MATERIAL FOR THE TASK Start Marker

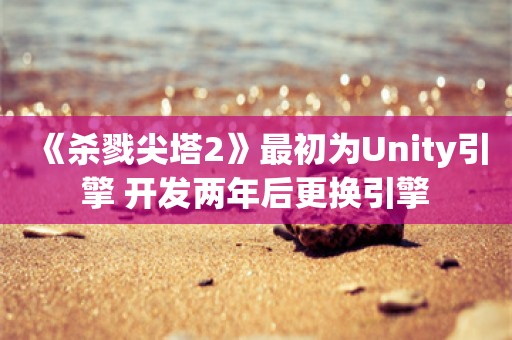  《杀戮尖塔2》最初为Unity引擎 开发两年后更换引擎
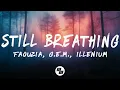 Download Lagu Faouzia, G.E.M., ILLENIUM - Still Breathing (Lyrics)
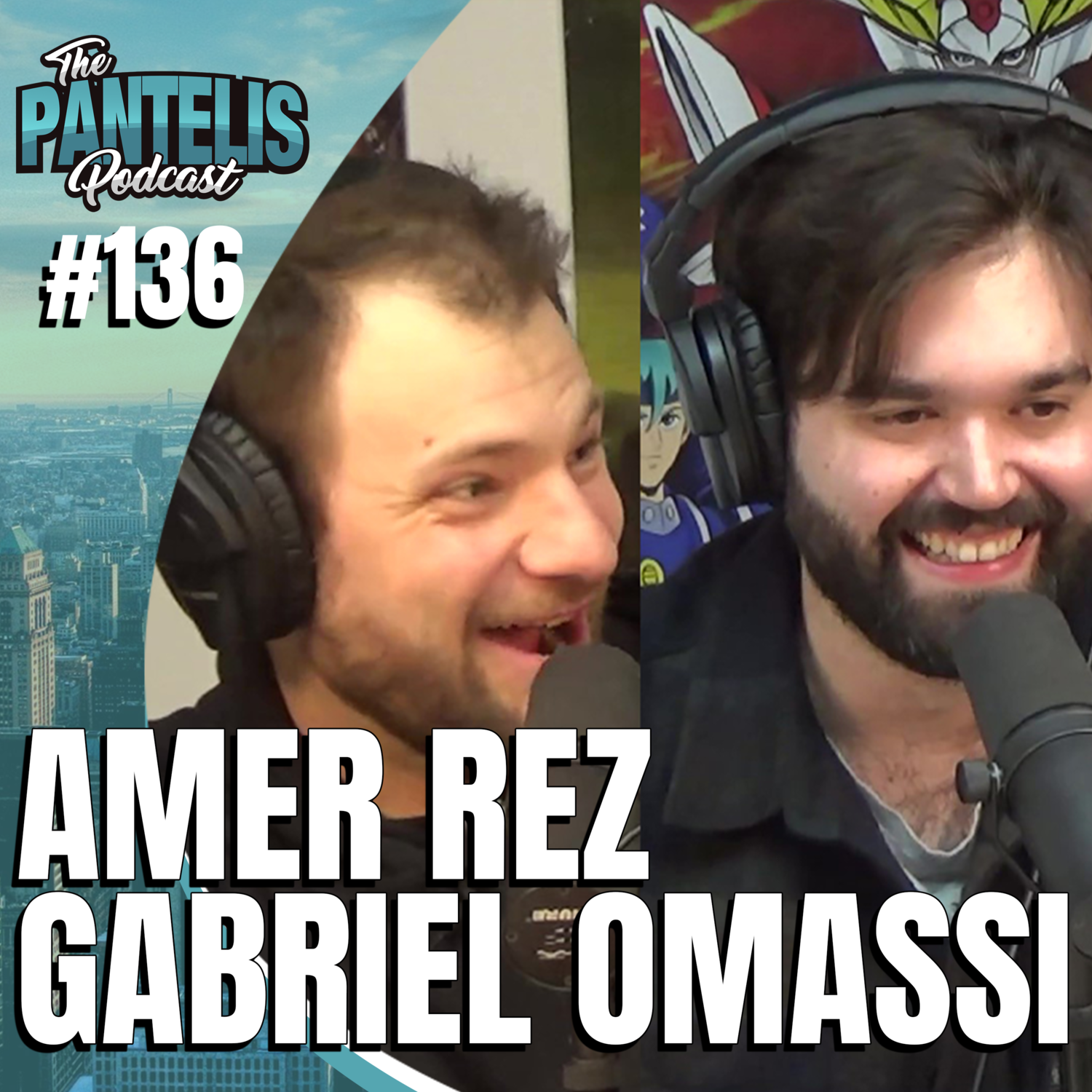 #136 - Amer Rez & Gabriel Omassi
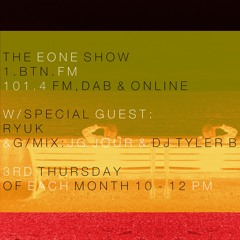 Eone X RYUK X JG Jour X Tyler B X 1BTN April 2018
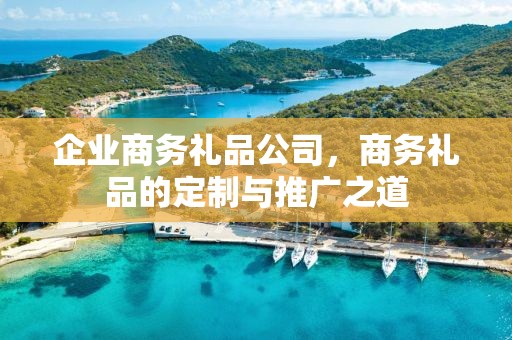 企业商务礼品公司，商务礼品的定制与推广之道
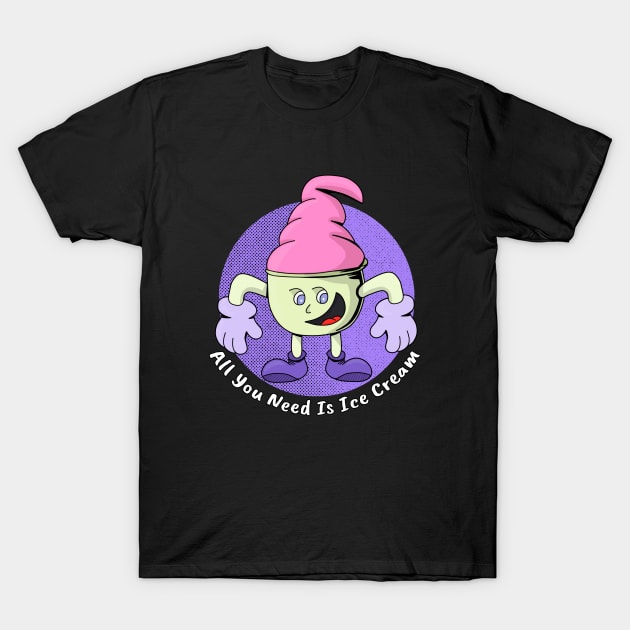 All You Need Is Ice Cream T-Shirt by DiegoCarvalho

MATERIAL FOR THE TASK End Marker

Repeat word for word, and nothing more, the lines between the line containing "企业商务礼品公司，商务礼品的定制与推广之道" and the last line of the records above, inclusive, without pictures.

 企业商务礼品公司，商务礼品的定制与推广之道
 All You Need Is Ice Cream T-Shirt by DiegoCarvalho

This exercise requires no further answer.